A SEGV error, or Segmentation Fault, typically means that your program tried to access a memory location that it wasn't allowed to. Think of it like trying to read a page from a book that doesn't exist or is ripped out – the system stops you to prevent further damage. In the context of WAMR and its garbage collector (GC), this could stem from a few different places. The error message points directly to /work/harnesses/sources/wasm-micro-runtime/core/iwasm/common/gc/gc_object.c:560 within a function called wasm_obj_is_i31_externref_or_anyref_obj. This function's name suggests it's involved in checking the type or identity of objects, particularly those related to i31, externref, or anyref types, which are key components of Wasm's reference types and garbage collection features.

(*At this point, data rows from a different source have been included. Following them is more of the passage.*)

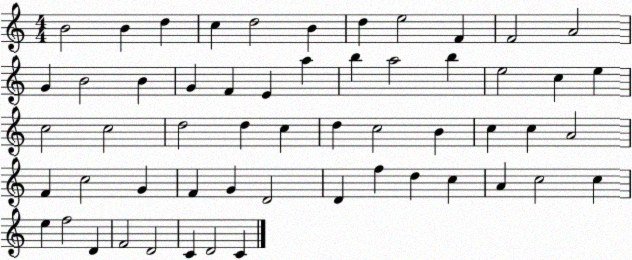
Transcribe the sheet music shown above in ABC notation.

X:1
T:Untitled
M:4/4
L:1/4
K:C
B2 B d c d2 B d e2 F F2 A2 G B2 B G F E a b a2 b e2 c e c2 c2 d2 d c d c2 B c c A2 F c2 G F G D2 D f d c A c2 c e f2 D F2 D2 C D2 C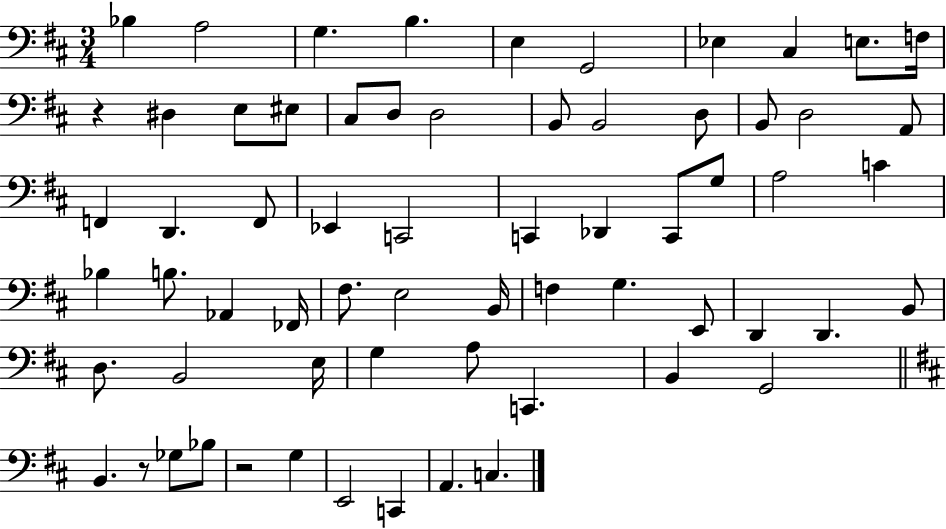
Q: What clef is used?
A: bass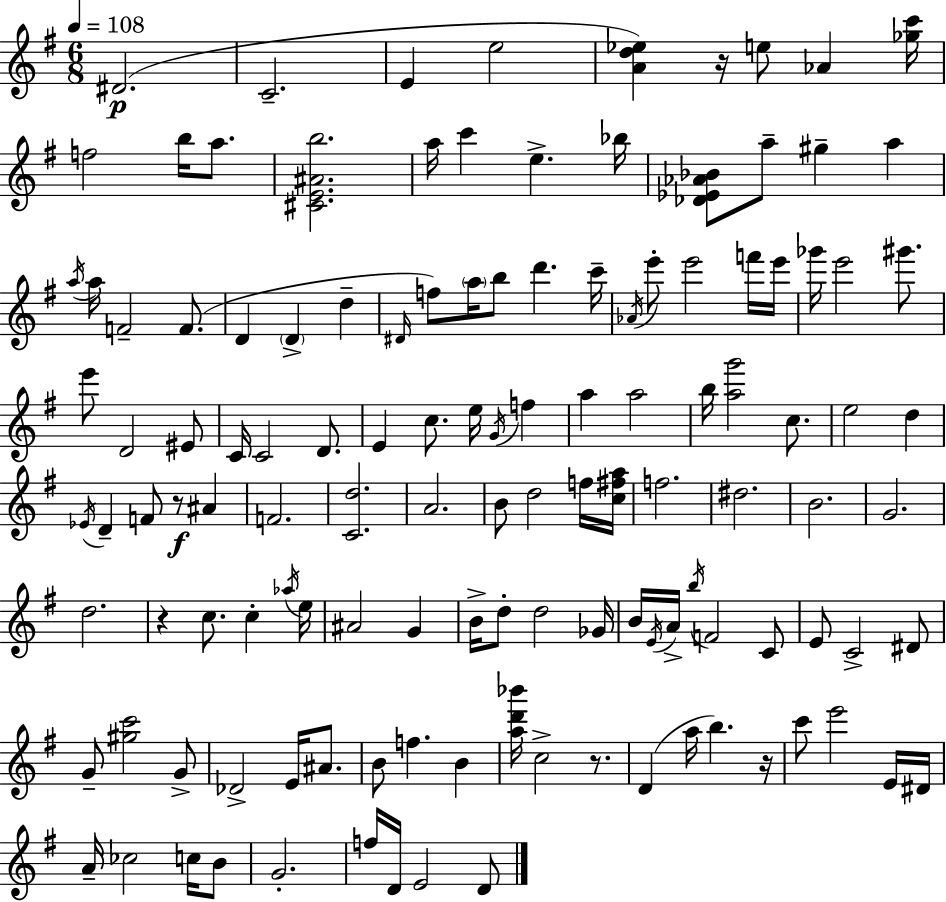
{
  \clef treble
  \numericTimeSignature
  \time 6/8
  \key e \minor
  \tempo 4 = 108
  dis'2.(\p | c'2.-- | e'4 e''2 | <a' d'' ees''>4) r16 e''8 aes'4 <ges'' c'''>16 | \break f''2 b''16 a''8. | <cis' e' ais' b''>2. | a''16 c'''4 e''4.-> bes''16 | <des' ees' aes' bes'>8 a''8-- gis''4-- a''4 | \break \acciaccatura { a''16 } a''16 f'2-- f'8.( | d'4 \parenthesize d'4-> d''4-- | \grace { dis'16 } f''8) \parenthesize a''16 b''8 d'''4. | c'''16-- \acciaccatura { aes'16 } e'''8-. e'''2 | \break f'''16 e'''16 ges'''16 e'''2 | gis'''8. e'''8 d'2 | eis'8 c'16 c'2 | d'8. e'4 c''8. e''16 \acciaccatura { g'16 } | \break f''4 a''4 a''2 | b''16 <a'' g'''>2 | c''8. e''2 | d''4 \acciaccatura { ees'16 } d'4-- f'8 r8\f | \break ais'4 f'2. | <c' d''>2. | a'2. | b'8 d''2 | \break f''16 <c'' fis'' a''>16 f''2. | dis''2. | b'2. | g'2. | \break d''2. | r4 c''8. | c''4-. \acciaccatura { aes''16 } e''16 ais'2 | g'4 b'16-> d''8-. d''2 | \break ges'16 b'16 \acciaccatura { e'16 } a'16-> \acciaccatura { b''16 } f'2 | c'8 e'8 c'2-> | dis'8 g'8-- <gis'' c'''>2 | g'8-> des'2-> | \break e'16 ais'8. b'8 f''4. | b'4 <a'' d''' bes'''>16 c''2-> | r8. d'4( | a''16 b''4.) r16 c'''8 e'''2 | \break e'16 dis'16 a'16-- ces''2 | c''16 b'8 g'2.-. | f''16 d'16 e'2 | d'8 \bar "|."
}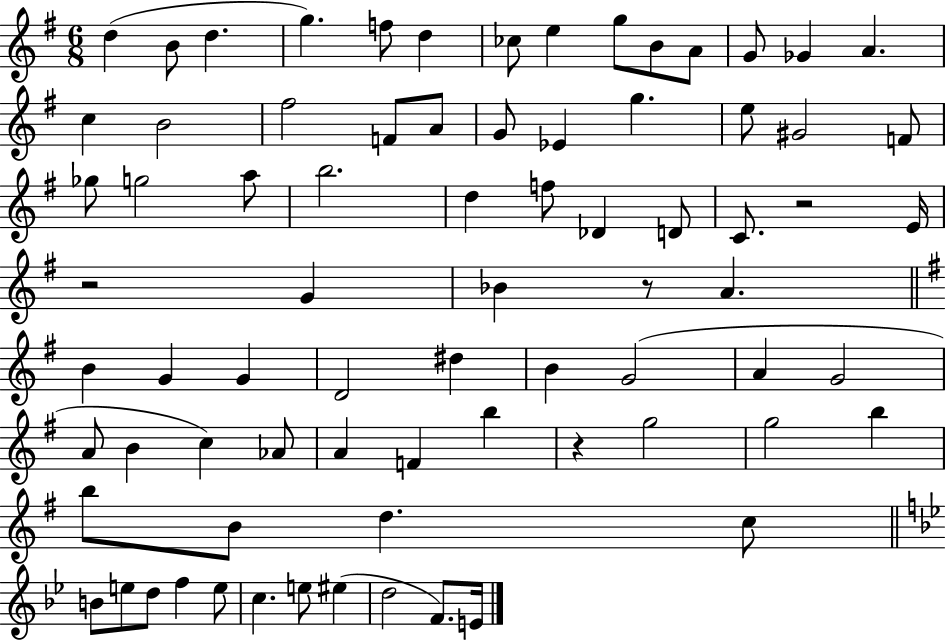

When the WAMR's interpreter (specifically the fast interpreter in this case, as indicated by the build flags) is executing WebAssembly bytecode, it relies on internal data structures to manage objects, memory, and types. The garbage collector is responsible for keeping track of which objects are still in use and cleaning up those that are not. If there's a bug in how these objects are tracked, how their types are checked, or how memory is managed, it can lead to the GC trying to access invalid memory. The backtrace provided shows a chain of function calls leading up to the error, starting from main and moving through various WAMR interpreter and runtime functions, eventually landing in wasm_obj_is_i31_externref_or_anyref_obj. This indicates that the issue occurred during the execution of a WebAssembly function that likely involved object manipulation or type checking, possibly within a call to another function or a host environment function.

Key Areas of Investigation:

  • Object Representation: How are Wasm objects, especially those with reference types, represented in memory? Are there potential issues with dangling pointers, uninitialized memory, or incorrect memory layouts?
  • Type Checking Logic: The function wasm_obj_is_i31_externref_or_anyref_obj is directly involved. Errors in this logic could lead to misinterpreting an object's type, causing subsequent operations to fail.
  • Garbage Collector Implementation: The GC itself needs to correctly identify live objects. If the GC's marking or sweeping phases encounter corrupted object metadata or invalid pointers, it can trigger a SEGV.
  • Interaction with Reference Types: The mention of i31, externref, and anyref suggests that the bug might be specific to how WAMR handles these newer WebAssembly features, which are tightly integrated with the GC.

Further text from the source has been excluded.